### Extracted entries
####
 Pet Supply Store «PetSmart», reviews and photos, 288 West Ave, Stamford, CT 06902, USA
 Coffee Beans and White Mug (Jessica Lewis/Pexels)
####
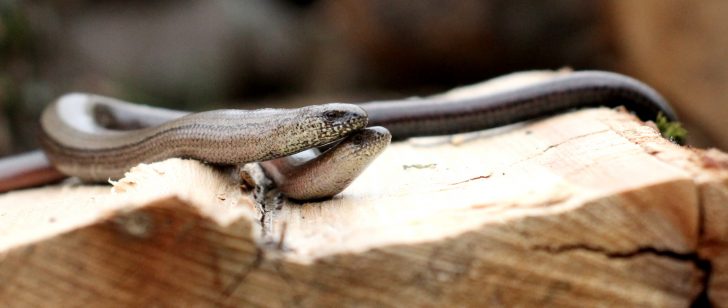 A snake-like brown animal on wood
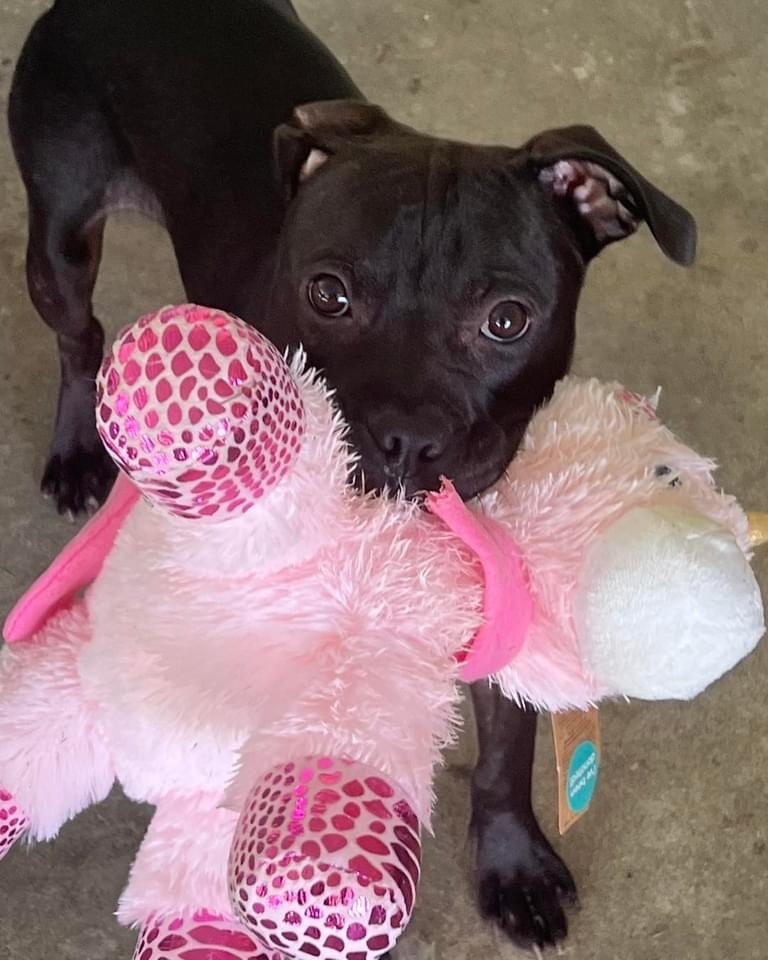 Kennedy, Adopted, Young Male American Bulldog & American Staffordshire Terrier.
####
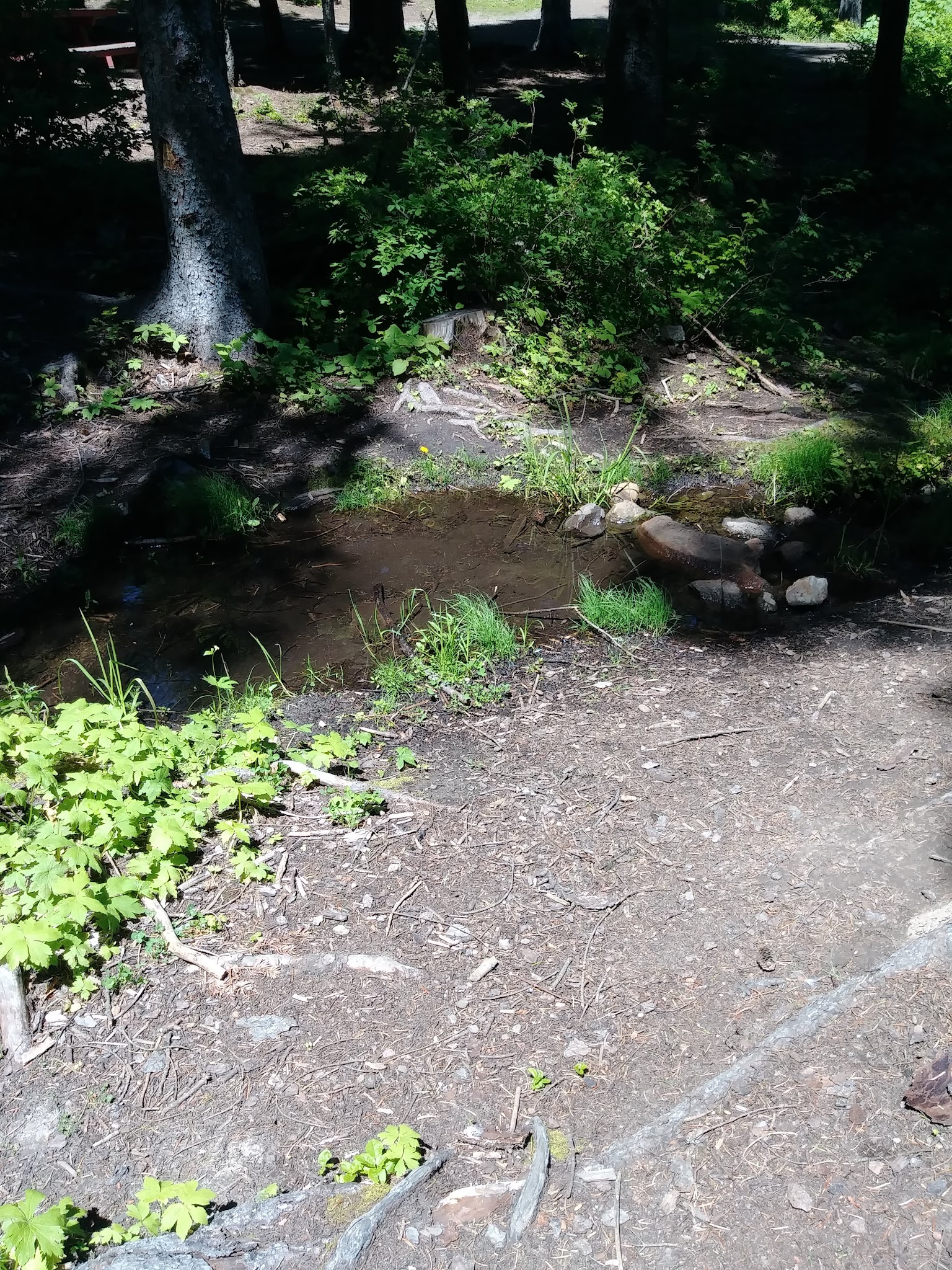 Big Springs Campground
####
### Your task
All that is wanted is the lines above between the one containing "A snake-like brown animal on wood" and the one containing "Kennedy, Adopted, Young", inclusive, restated word for word, with pictures omitted.

### Output for this task
 A snake-like brown animal on wood
 Kennedy, Adopted, Young Male American Bulldog & American Staffordshire Terrier.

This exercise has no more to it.